[BEE-15007] Property-Based Testing

INFO

Property-based testing replaces manually chosen examples with automatically generated inputs checked against a general claim — then automatically finds the smallest input that breaks it.

Context

Example-based testing (the dominant form in BEE-15001's Testing Pyramid) has a structural weakness: you can only test what you think to write. A developer writing assert sort([3,1,2]) == [1,2,3] has chosen a specific input and expected output. If the sort algorithm works for that input but fails for an input with duplicate elements, an empty list, or a list of a million identical values, the test passes and the bug ships.

Property-based testing (PBT) was invented by Koen Claessen and John Hughes as QuickCheck, presented at ICFP 2000 ("QuickCheck: A Lightweight Tool for Random Testing of Haskell Programs," ACM SIGPLAN Notices). The paper received the ACM SIGPLAN Most Influential ICFP Paper award in 2010. Instead of specifying examples, specify properties: universally quantified claims that must hold for all valid inputs. The framework generates hundreds or thousands of random inputs, checks whether the property holds for each, and upon finding a counterexample, automatically shrinks it to the minimal failing case.

The practical impact is disproportionate relative to the code required. David MacIver (creator of Hypothesis, the leading Python PBT library) documented Hypothesis finding a buffer overflow in an Argon2 implementation (triggered only at hash lengths above 512), a year/month swap in ISO 8601 date parsing (triggered only for dates like 0005-01-01), and prototype poisoning bugs in npm packages — all through roundtrip and invariant properties that were shorter than the implementation they were testing.

Dropbox built a PBT system called CanopyCheck for their Nucleus sync engine that generates three random filesystem trees and verifies their sync planner always converges them to a consistent state. John Hughes, Benjamin Pierce, Thomas Arts, and Ulf Norell used PBT to find surprising bugs in Dropbox and competing sync services (IEEE ICST 2016, "Mysteries of DropBox"). The pattern: PBT excels at finding edge cases at the intersection of domain constraints — precisely the cases a human cannot enumerate.

Core Concepts

Properties vs. Examples

An example test:

python

assert sorted([3, 1, 2]) == [1, 2, 3]

A property:

python

for all lists xs:
    result = sorted(xs)
    # Property 1: the result is ordered
    assert all(result[i] <= result[i+1] for i in range(len(result)-1))
    # Property 2: the result contains the same elements
    assert sorted(result) == result  # idempotency
    assert len(result) == len(xs)

The property does not require knowing what sorted([3,1,2]) returns — only that whatever it returns obeys these invariants.
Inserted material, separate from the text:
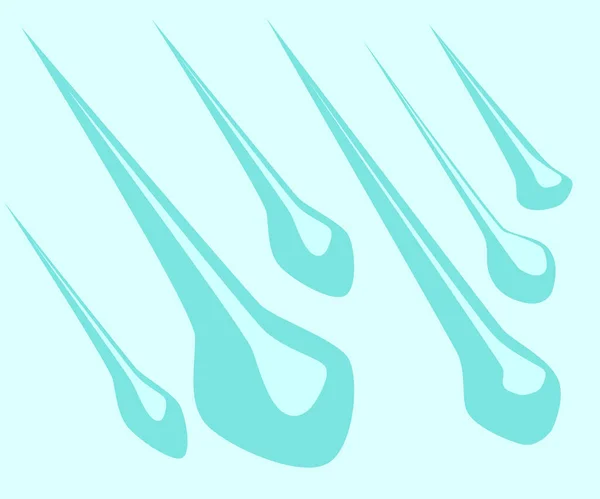 Elongated Drops Rain Set Pale Blue Background — Stock Vector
This is the shift from "what does this function return for this input?" to "what must always be true about any output?"

Generators and Strategies

Generators (called "strategies" in Hypothesis) produce random values of a specified type. Frameworks ship built-in generators for:

Primitives: integers (including boundary values like MIN_INT, MAX_INT, 0, -1), floats (including NaN, +Inf, -Inf), booleans
Text: ASCII, unicode (including code points that break ASCII assumptions: null bytes, RTL markers, zero-width joiners, emoji)
Collections: lists, sets, dicts, tuples of arbitrary element type and size
Domain: st.emails(), st.ip_addresses(), st.datetimes(), st.fractions()

Strategies compose: st.lists(st.text()) generates lists of strings; st.dictionaries(st.text(), st.integers()) generates string-keyed integer dicts. Custom strategies build domain objects from primitive components.

Shrinking

Finding a failure is only half the value of PBT. The other half is shrinking: automatically finding the minimal input that still triggers the failure. Without shrinking, a failed property might report a 500-element list with arbitrary values as its counterexample — nearly impossible to debug. After shrinking, it reports [0, -1] — the smallest list that exposes the bug.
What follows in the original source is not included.